Violence in the time of negotiations: The Boipatong Massacre

Hand painted poster, produced by Ad Hoc Organising Committee, University of the Witwatersrand, September 1992. Archived as SAHA collection AL2446_1979

Over 40 people were killed in the Boipatong Massacre on 17 June 1992, a township near Vanderbijlpark in Gauteng. The massacre was the culmination of ongoing political violence in the area which rocked the township and put a halt to negotiations as African National Congress (ANC) member blamed the National Party (NP) for the attacks.

Many of the victims were women and children caught in the crossfire of political violence. One woman explained how her sister in-law came knocking on her door hysterically with a baby on her back:  “I could hear her children crying from the shack next door. I opened the door and she fell on the floor. She was stabbed and chopped on her neck. She died there on the floor.”
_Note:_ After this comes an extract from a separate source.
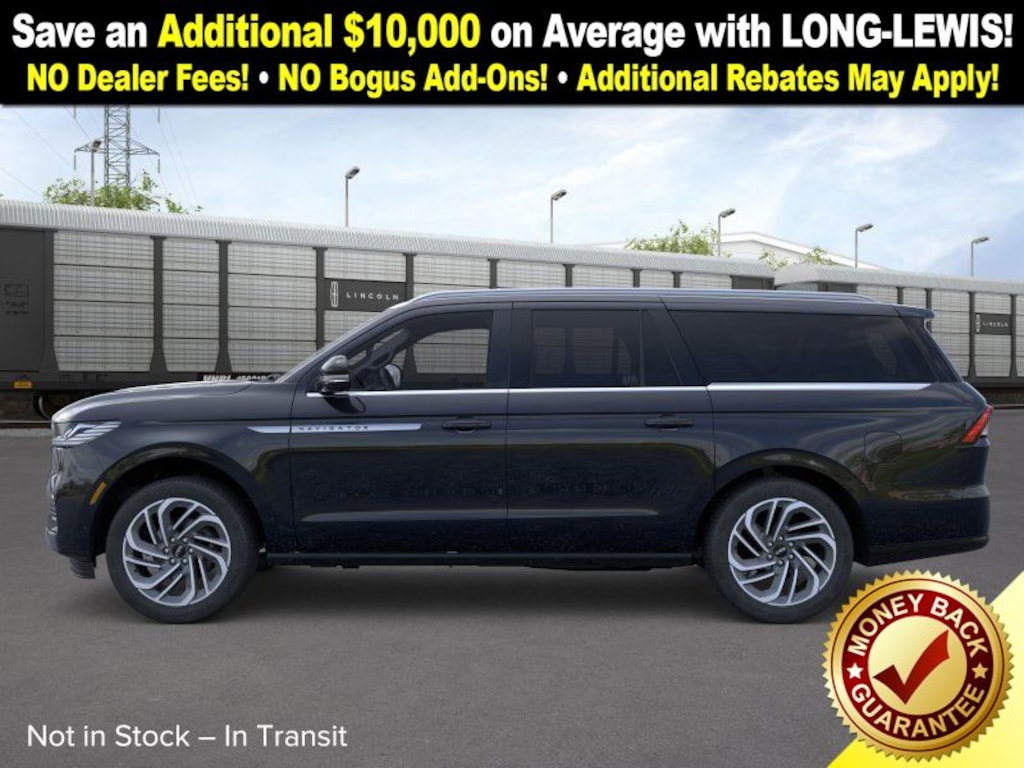 New 2025 Lincoln Navigator L Reserve SUV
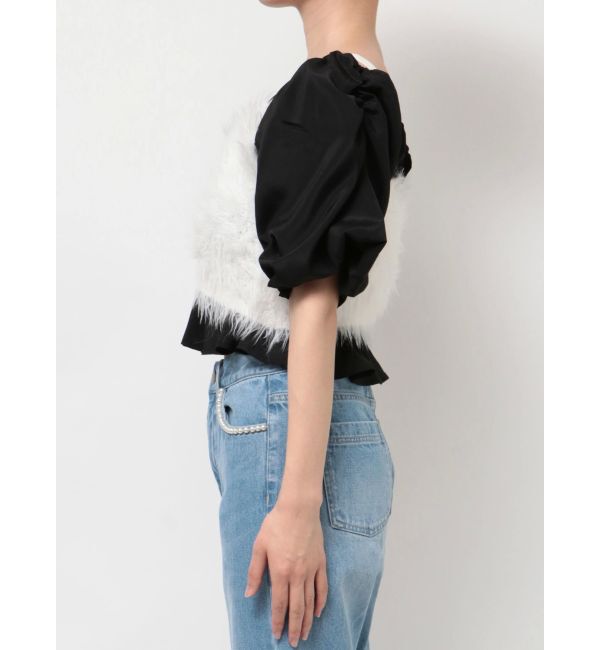 RESEXXY「シャギーニットキャミソール」|キャミソール|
Another resident explained how she watched her mother die when they were attacked in her home “My mother woke up, I followed her. We were afraid. After that I hid under the bed. I heard the men say they want ANC members”. The grieving woman explained that her mother had been undressed by the men and they stabbed her to death.

The Boipatong massacre is remembered as one of the most brutal moments of violence, when 200 men from Kwa Madala an Inkatha Freedom Party (IFP) hostel went on a rampage through the township. Armed and said to be supported by the apartheid state they looted, vandalised houses and hacked people to death whom they believed to be ANC supporters. ANC comrades responded in kind by burning the homes of police and IFP members.

The incident at Boipatong was endemic of the violence that had engulfed South Africa between the mid-80s and early 90s between United Democratic Front (UDF)/ANC supporters and Inkatha (later IFP) supporters.  The Boipatong massacre placed a spotlight on the Reef area and the IFP hostels. Most of the violence during this period stemmed from the hostels and the neighbouring townships in retaliatory attacks.

Most recollections of the massacre explain the attack as an attempt by the National Party to undermine the ANC ahead of the first democratic elections. De Klerk and the nationalist security forces complicity in the violence had not been established by the Goldstone Commission. However, police response to the violence had been slow. The Commission also appointed a British criminalist who discovered that police had not gathered any fingerprints, blood samples or any other evidence that could be used to convict perpetrators of the violence.